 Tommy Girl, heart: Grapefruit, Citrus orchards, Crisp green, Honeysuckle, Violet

==

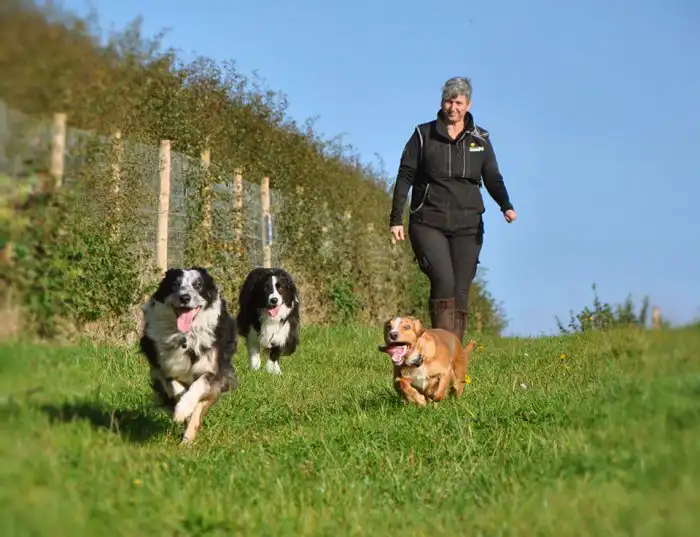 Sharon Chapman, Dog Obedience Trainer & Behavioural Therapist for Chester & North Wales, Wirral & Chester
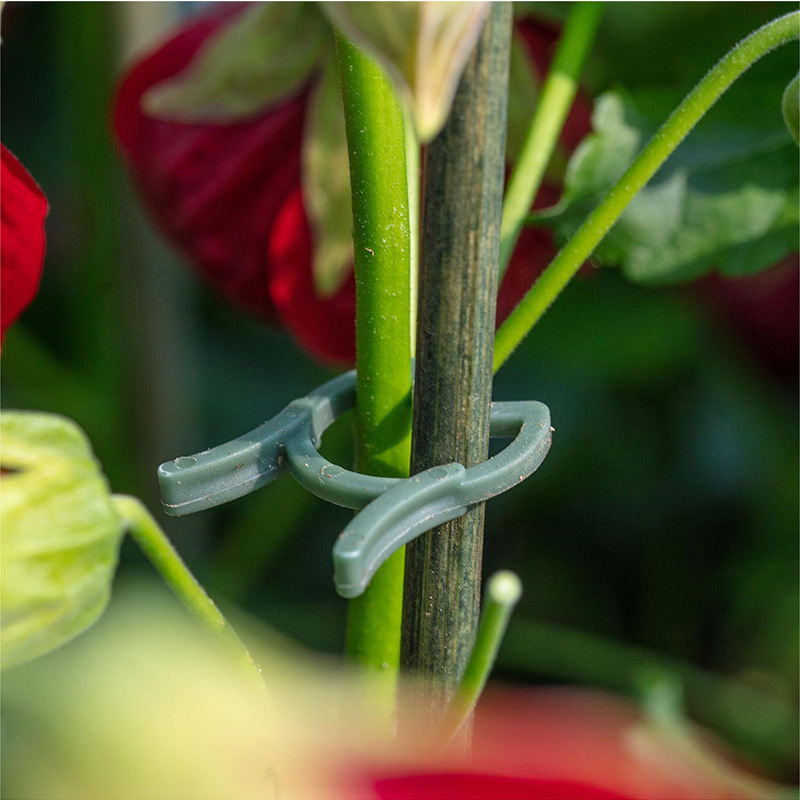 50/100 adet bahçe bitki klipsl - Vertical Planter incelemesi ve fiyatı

WHAT THIS TASK INVOLVES:
Go back to the lines above and output, exactly as they stand, the ones from the line containing "Sharon Chapman, Dog" to the line containing "50/100 adet bahçe". Leave all pictures behind.

SOLVED EXERCISE:
 Sharon Chapman, Dog Obedience Trainer & Behavioural Therapist for Chester & North Wales, Wirral & Chester
 50/100 adet bahçe bitki klipsl - Vertical Planter incelemesi ve fiyatı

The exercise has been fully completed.